A static webpage that visualizes wave forecast data from the NOAA Nearshore Wave Prediction System (NWPS) for the purpose of planning scuba diving trips in the Monterey Bay area.

This is a rewrite of an older version of the project.

Disclaimer: 🤖 This project was heavily vibe-coded with Claude 🤖

Features

  • Interactive map with a wave-height heatmap overlay. Use the time slider and play button to animate through forecast time steps.
  • Left-click any ocean point to display time-series charts for that location: wave height, wave period, wave direction, water level / tide.
  • Compare two dive sites: right-click any ocean point to drop a gold comparison marker; its data is overlaid on every chart alongside the blue (primary) series
  • Dive-site shortcuts: two dropdowns at the bottom of the sidebar list common Monterey Bay dive sites — pick one in the blue (primary) dropdown or the gold (comparison) dropdown to jump the corresponding marker there.
  • Switch forecast runs: a dropdown in the selector row lists the available forecast runs — pick an earlier run to view a previous forecast.
  • Buoy measurements: the same dropdowns also list nearby NDBC buoys — pick one to overlay the buoy's actual observed wave height, period, and direction on the charts.
  • Keyboard shortcuts: Space toggles play/pause and / step the time slider one frame at a time.

Embedding on another site

The page can be embedded via <iframe>. A minimal example:

<iframe src="https://kevinddchen.github.io/wavey2/" loading="lazy"></iframe>

Use the URL parameters above to deep-link to a specific location. For example, to open with the marker on Lovers Point:

<iframe src="https://kevinddchen.github.io/wavey2/?lat=36.6249&lon=-121.9135" loading="lazy"></iframe>

URL parameters

The current marker positions are encoded in the URL so you can bookmark or share a link to a specific view:

Parameter Description
lat Latitude of the blue (primary) marker
lon Longitude of the blue (primary) marker
cmpLat Latitude of the gold (comparison) marker
cmpLon Longitude of the gold (comparison) marker
zoom Initial map zoom level (integer, 0–18)
forecast Id of the forecast run to show (e.g. 20260528_1200)
t Initial time-slider index (integer)
play Autostart the time animation on load
units Display units — ft (default) or m
charts Comma-separated whitelist from height,period,dir,tide
hideMap Hide the map panel
hideSidebar Hide the sidebar
hideHeader Hide the sidebar header / title block
hideSelectors Hide the forecast + dive-site selector row
hideTimeControl Hide the time slider / play button / legend bar
hideFooter Hide the "View on GitHub" footer link
disablePrefetch Don't background-download other forecasts (saves bandwidth)

Data sources

The NOAA Nearshore Wave Prediction System (NWPS) is a NOAA service that produces wave forecasts for U.S. coastal areas. A live NOAA visualization of wave heights for Monterey Bay is available here.

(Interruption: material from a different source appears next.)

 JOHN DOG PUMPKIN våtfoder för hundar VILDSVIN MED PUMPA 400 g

Real-time wave measurements are taken from NOAA National Data Buoy Center (NDBC).

Host locally

Requirements

uv venv
uv sync --no-dev

Fetch all data (one step)

fetch.sh runs the whole pipeline below — download forecasts, convert them, download buoy observations, and build the manifest:

./fetch.sh

After fetching, skip ahead to Run web server. The individual steps below are documented for reference, or if you want to run them manually.

Download GRIB2 files

# the single most recent run:
uv run scripts/download_grib.py
# or every run still on the server:
uv run scripts/download_grib.py -a

Convert data to binary

for f in gribs/*.grib2; do
    uv run scripts/grib2bin.py "$f"
done

This creates one file per run named data/waves_<run_id>.bin.gz (the <run_id>, e.g. 20260528_1200, is parsed from the input filename).

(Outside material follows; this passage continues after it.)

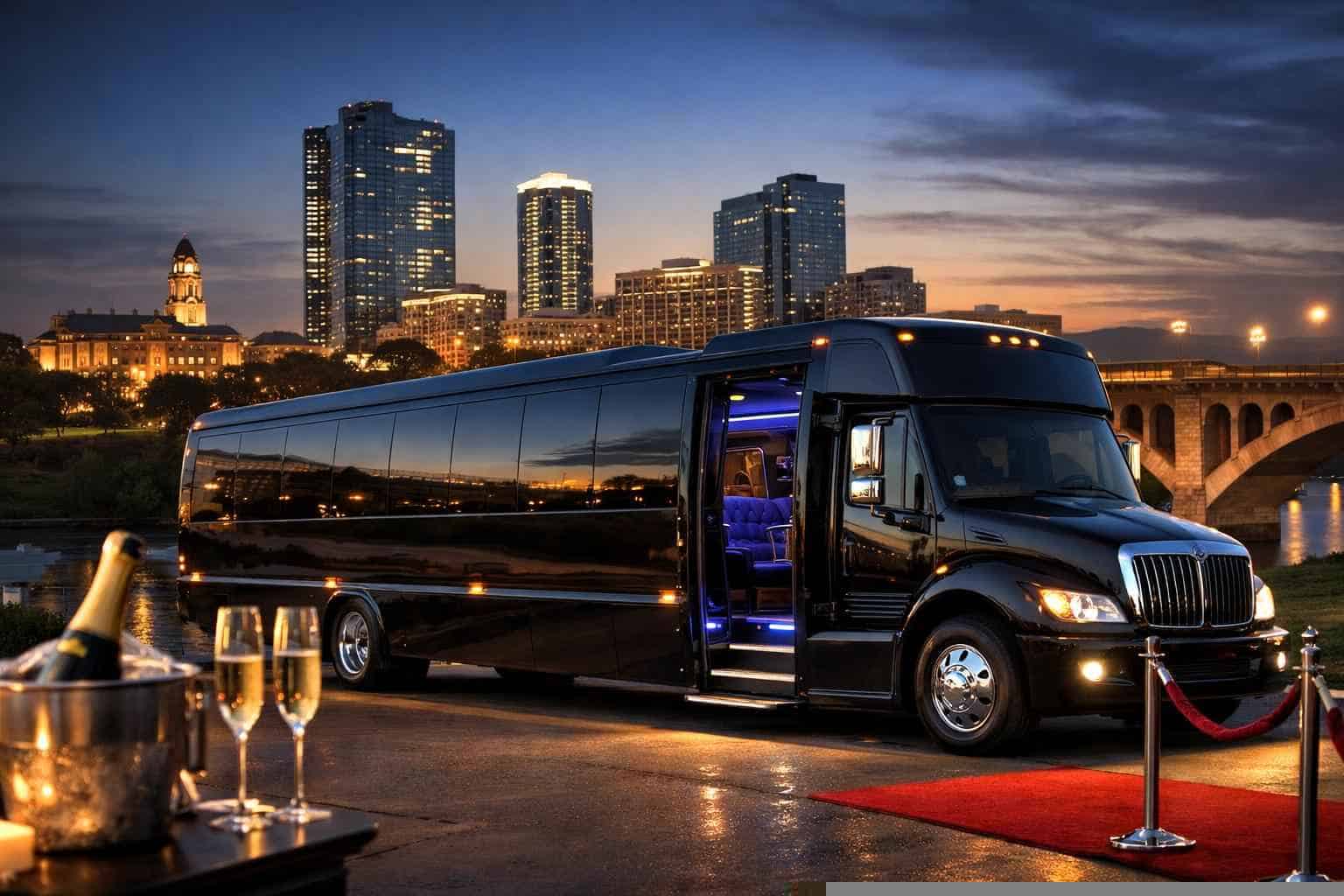 Fort Worth TX Limo Bus Rentals for Special Events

Download buoy observations

uv run scripts/download_buoy.py -b 46236  # writes data/buoy_46236_<YYYYMMDD_HHMM>.json

Build the manifest

After generating the wave files and any buoy files, build data/index.json (the manifest the website reads to discover both):

uv run scripts/build_index.py  # scans data/ for waves_*.bin.gz and buoy_*.json

Run web server

uv run python -m http.server 8000 & open http://localhost:8000

A plain file server is required because the page uses fetch() to load data/index.json and the data/* data files, which browsers block over file:// URLs.

Hosting on GitHub Pages

  1. Push this repository to GitHub.
  2. Go to Settings → Pages and set the source to GitHub Actions.
  3. The site will be available at https://<username>.github.io/<repo>/.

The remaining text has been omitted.